WORK INSTRUCTIONS » Using the listing below, retype only the lines from the line with "2251 Robinhood Drive, Wooster, OH" through the end, both ends included, and exclude the pictures.

GIVEN DATA »
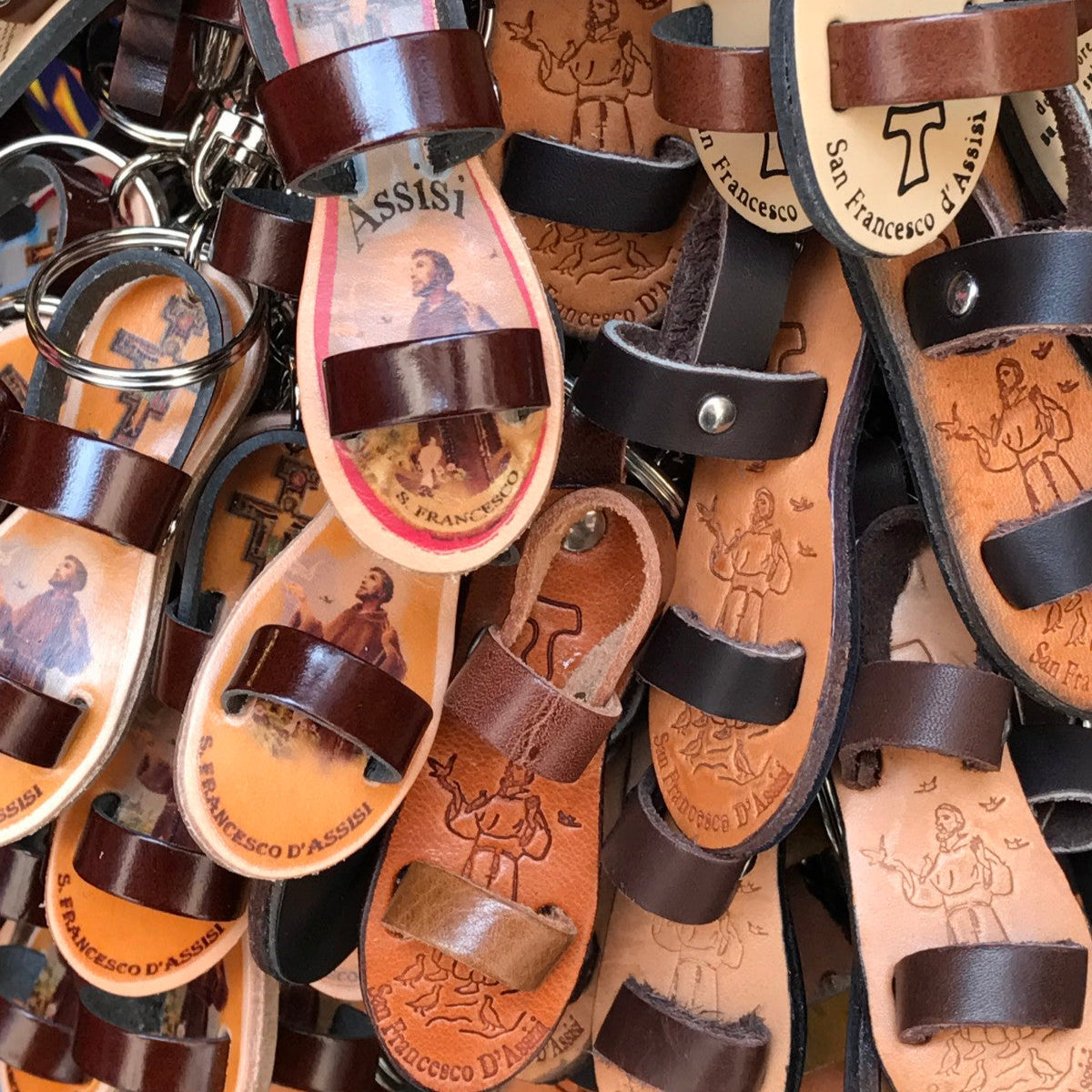 ITALY - Ladies 16 Day Motorcycle Tour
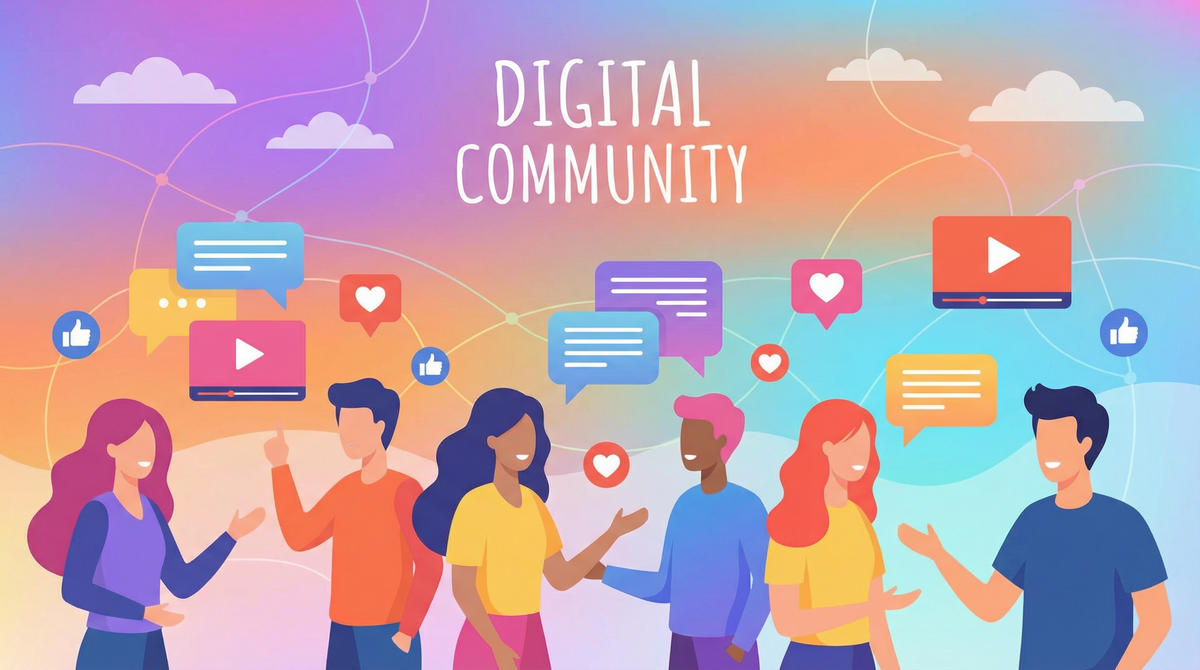 91视频社区视频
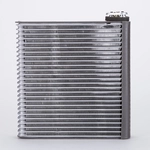 Order TYC - 97179 - A/C Evaporator Core For Your Vehicle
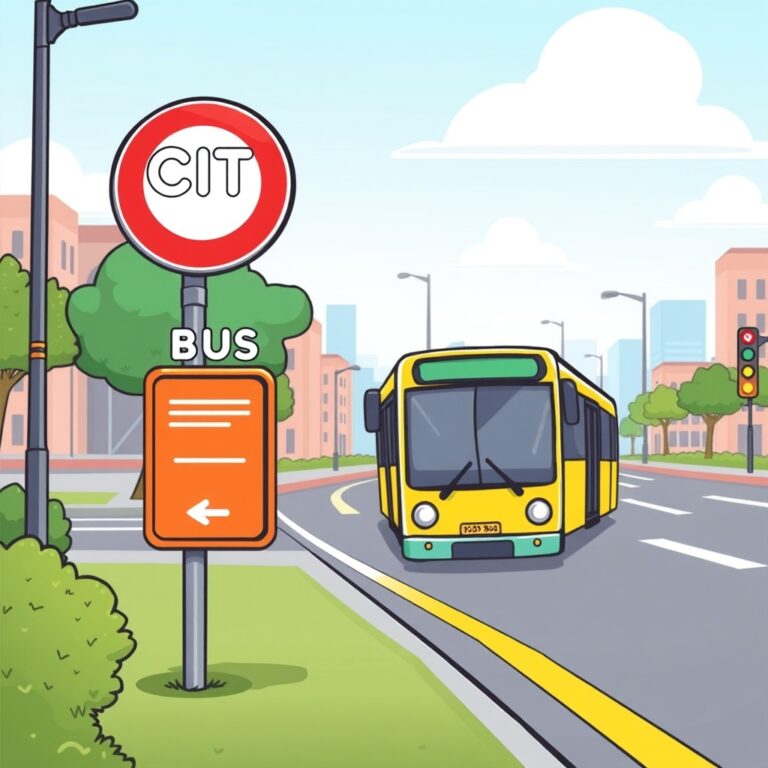 2025-8-18-conversation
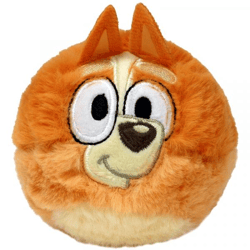 BINGO - BLUEY - Bouncer Plüsch
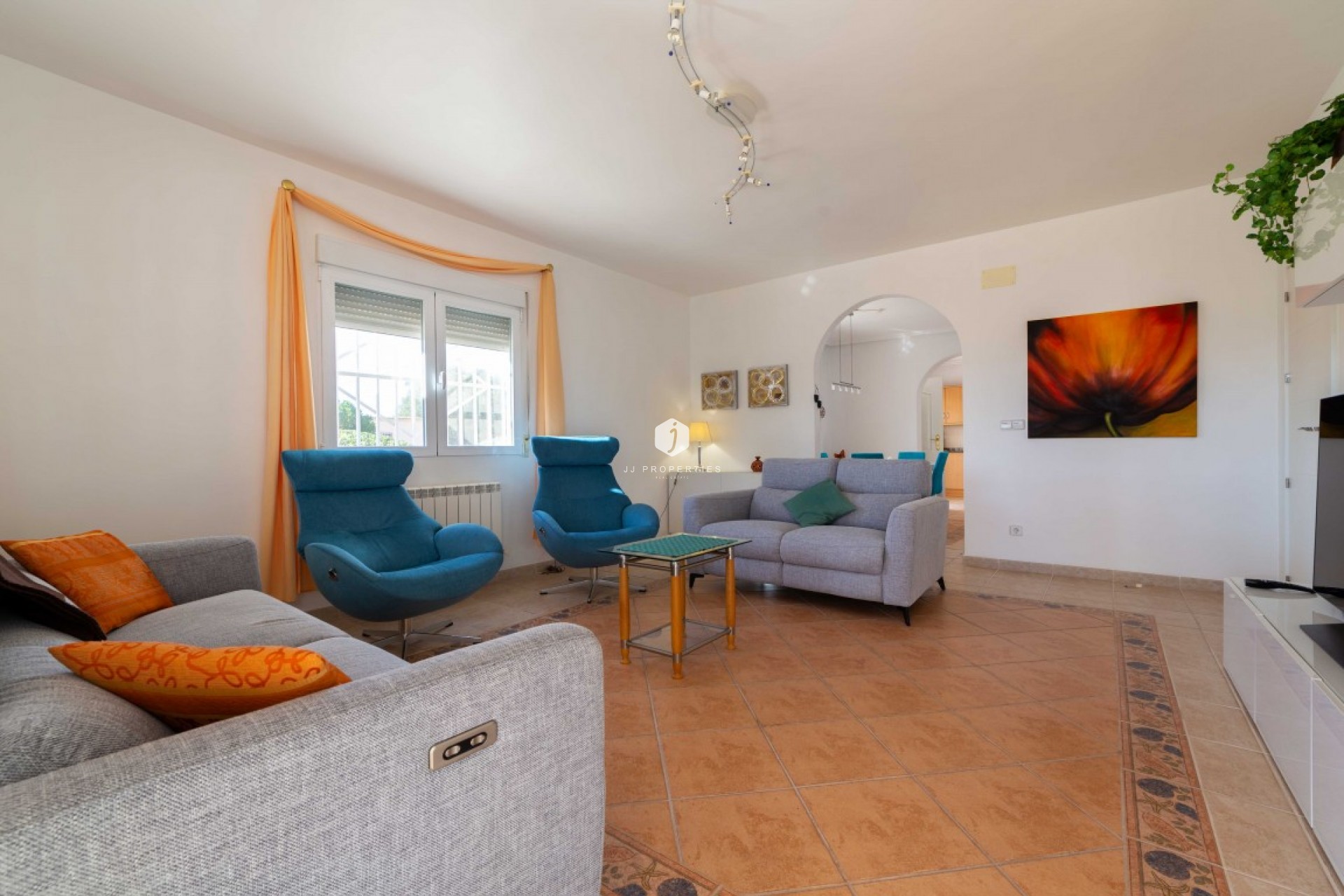 D'occasion - Propriété rurale -
Albatera - Inland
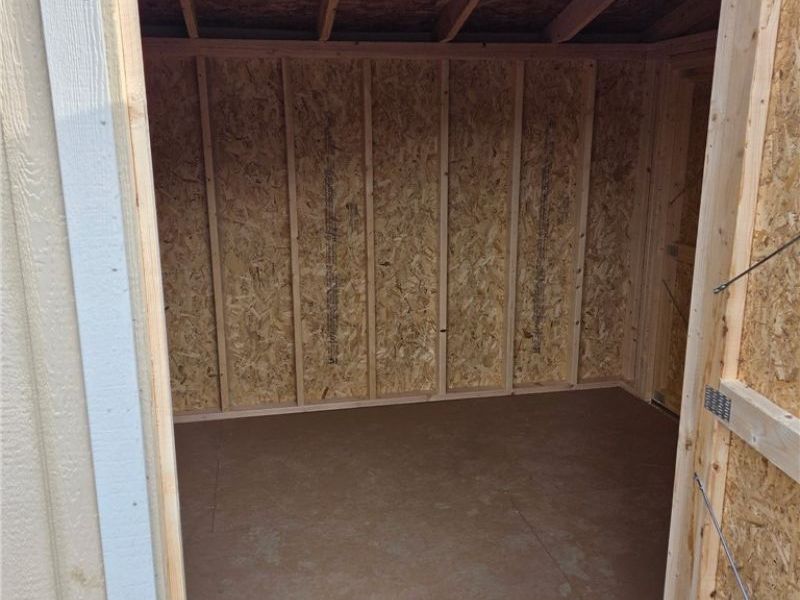 2251 Robinhood Drive, Wooster, OH 44691 Photo 28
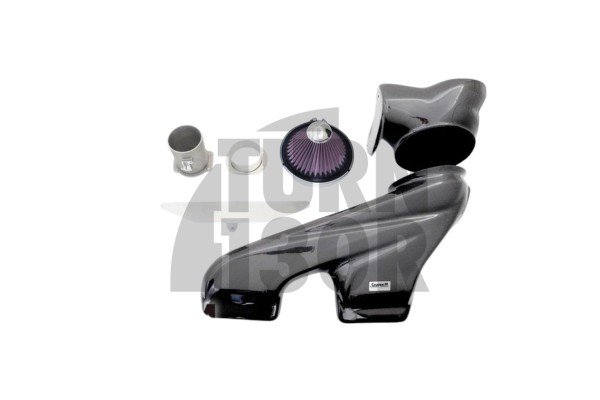 Gruppe M Carbon Fiber Intake System for Mini Cooper JCW GP3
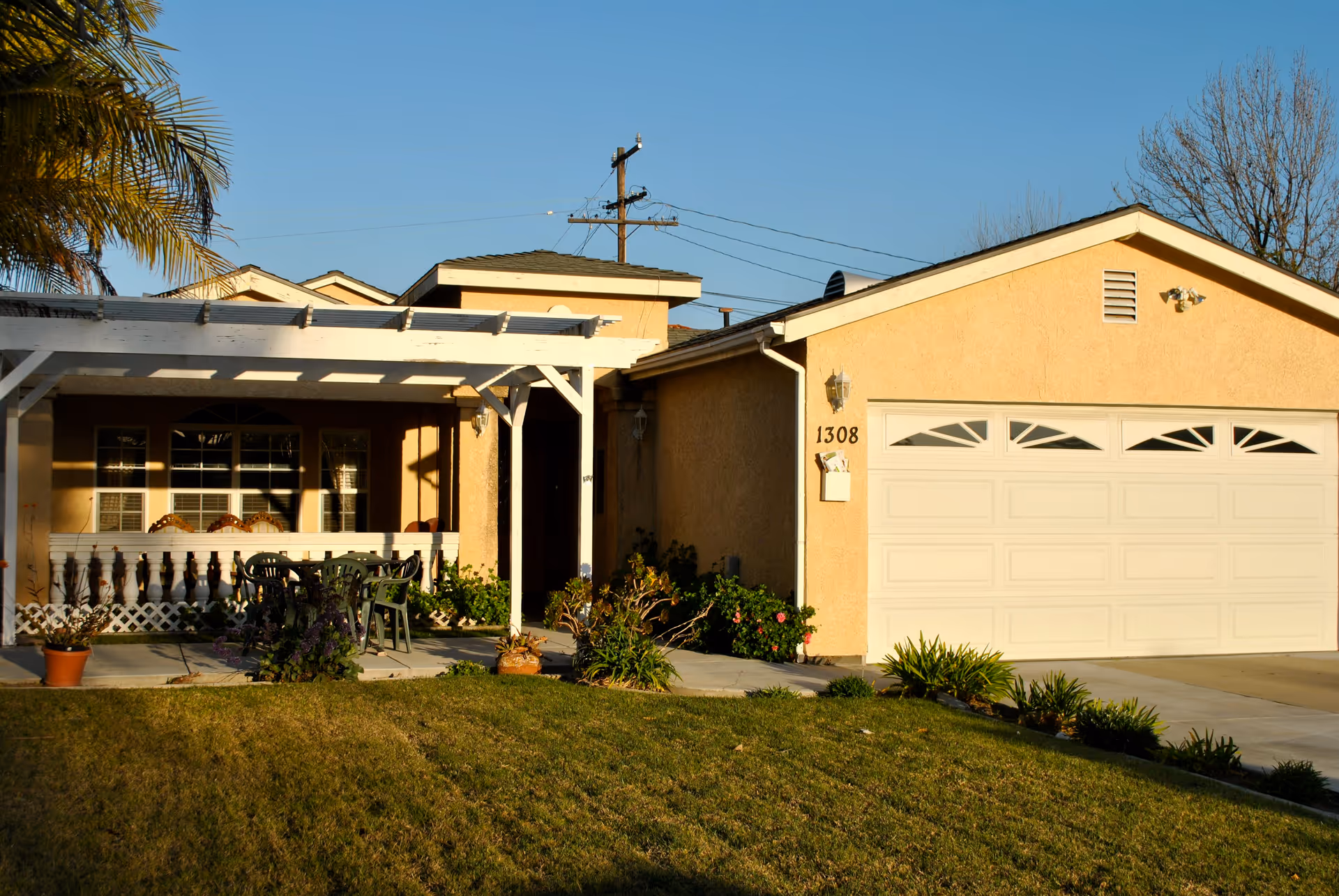 Photo of Golden Living Center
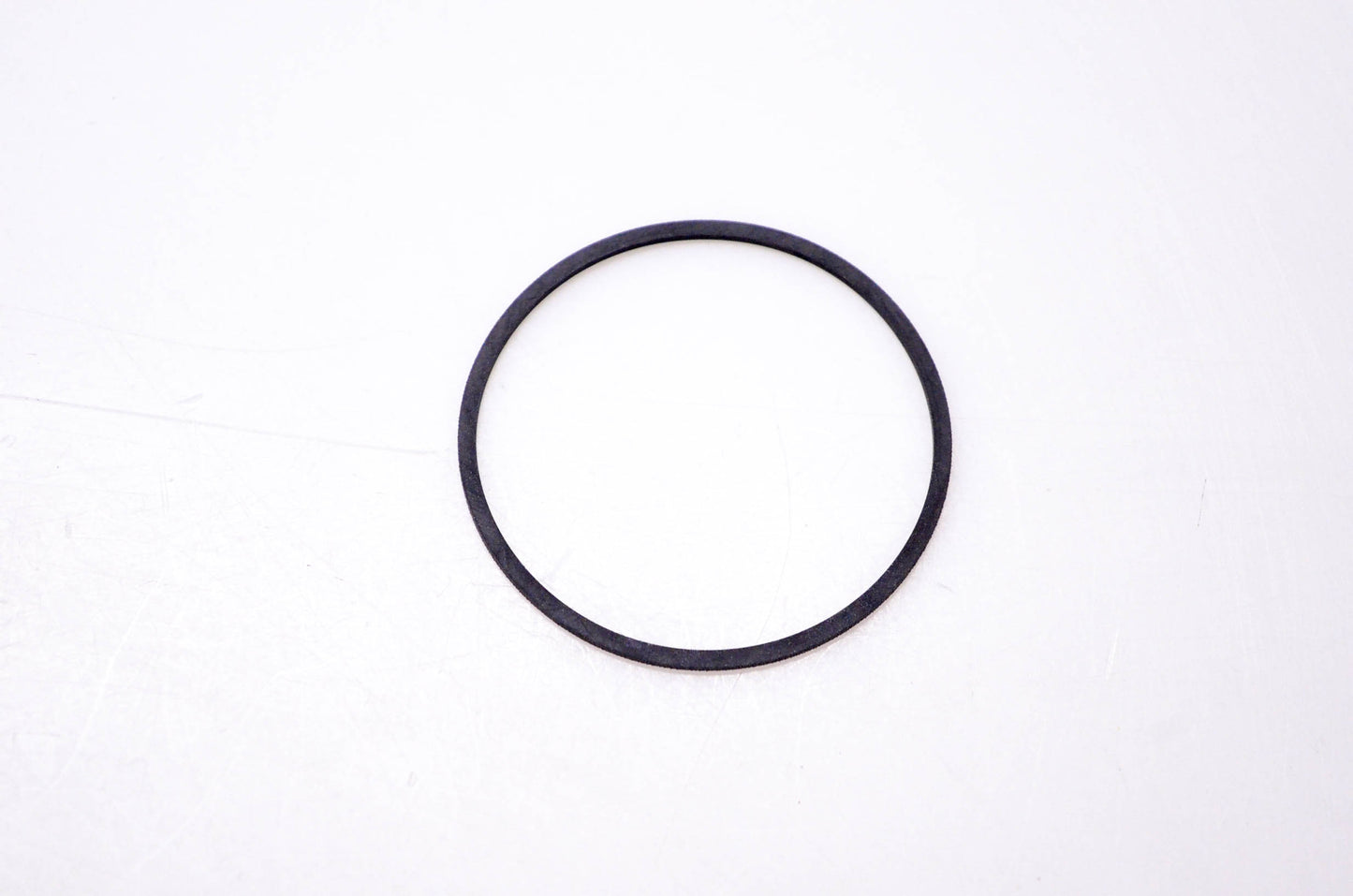 Kohler 200375-S Float Bowl Gasket NOS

RESPONSE AREA »
 2251 Robinhood Drive, Wooster, OH 44691 Photo 28
 Gruppe M Carbon Fiber Intake System for Mini Cooper JCW GP3
 Photo of Golden Living Center
 Kohler 200375-S Float Bowl Gasket NOS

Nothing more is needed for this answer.